PDA

View Full Version : [ubuntu] SLOW Ubuntu Server vs CentOS - MySQL Disk Access


theparanoidone
January 14th, 2009, 04:24 PM
I don't belive Ubuntu should compile the standard kernel with these options:

CONFIG_HZ_100=y
CONFIG_HZ=100

They SHOULD BE for any new server or servers no older than say 3 years old:

CONFIG_HZ_1000=y
CONFIG_HZ=1000

At the very least, Ubuntu should have a standard kernel package we can apt-get that has the clock set at 1000.

Here's why:

So, we have recently spent a very long time trying to track down problems with our MySQL server.

Our requirements are high concurrency, high load, and ACID transaction compliance.
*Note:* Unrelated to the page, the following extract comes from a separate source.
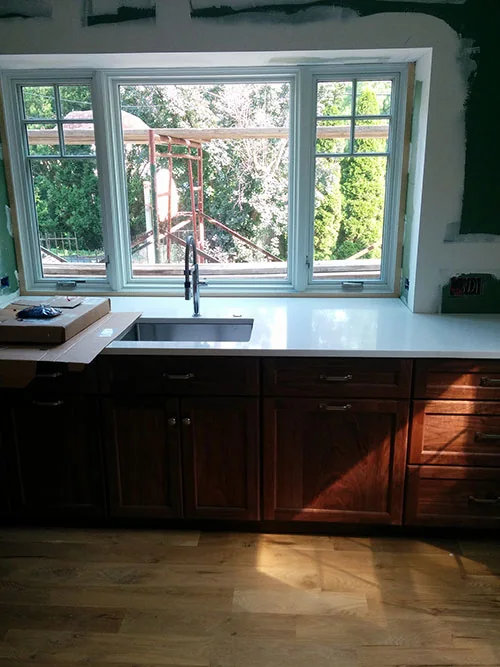Kitchen sink wall with new cherry cabinets and white counters under a large window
We use InnoDB in MySQL for our database. To increase the safety of the data integrity, we turn "sync-binlog=1" in the MySQL my.cnf. We notice this basically killed all performance on our server... essentialy 98% performance hit on our ubuntu64 10GB Ram with Raid-1 sas with battery backed up cache.
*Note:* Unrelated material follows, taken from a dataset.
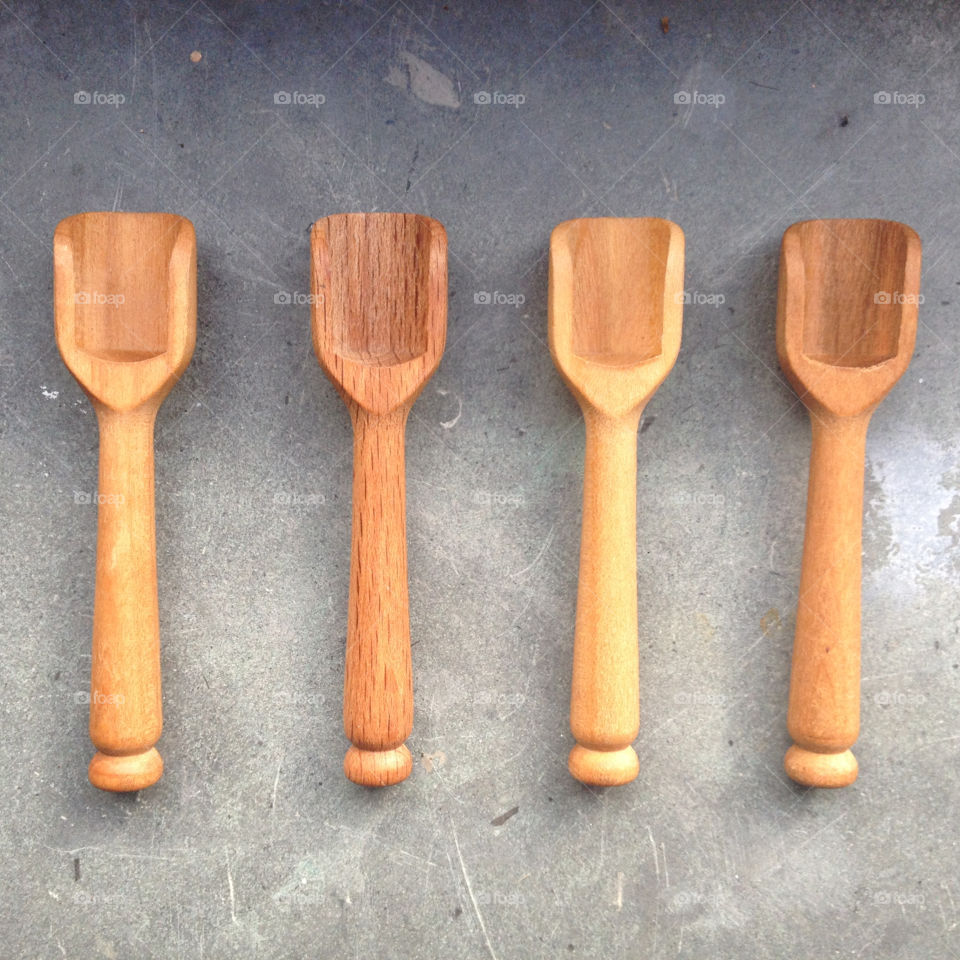 Four wooden spoons on a grey background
We tried configuring MySQL 4.1, 5.0, 5.1, 6.0 and the config logs hundreds of times. Nothing we did would improve our performance.

We finally tried to run some tests with sysbench that are heavy write benchmarks. And on a whim... we decided to try another linux distro (CentOS) just to see if that would be a factor... We appear to have hit some sort of operating system specific wall.

Sysbench 50 TRHEADS
OS ubuntu32 ubuntu64 centos32
syncbinlog 0, WB 5600 12600 3800
syncbinlog 1, WB 348 294 1700

Sysbench 1 THREAD
OS ubuntu32 ubuntu64 centos32
syncbinlog 0, WB 4500 6000 2300
syncbinlog 1, WB 3200 4356 2300

Obviously... running just 1 thread is not acceptable for a database server.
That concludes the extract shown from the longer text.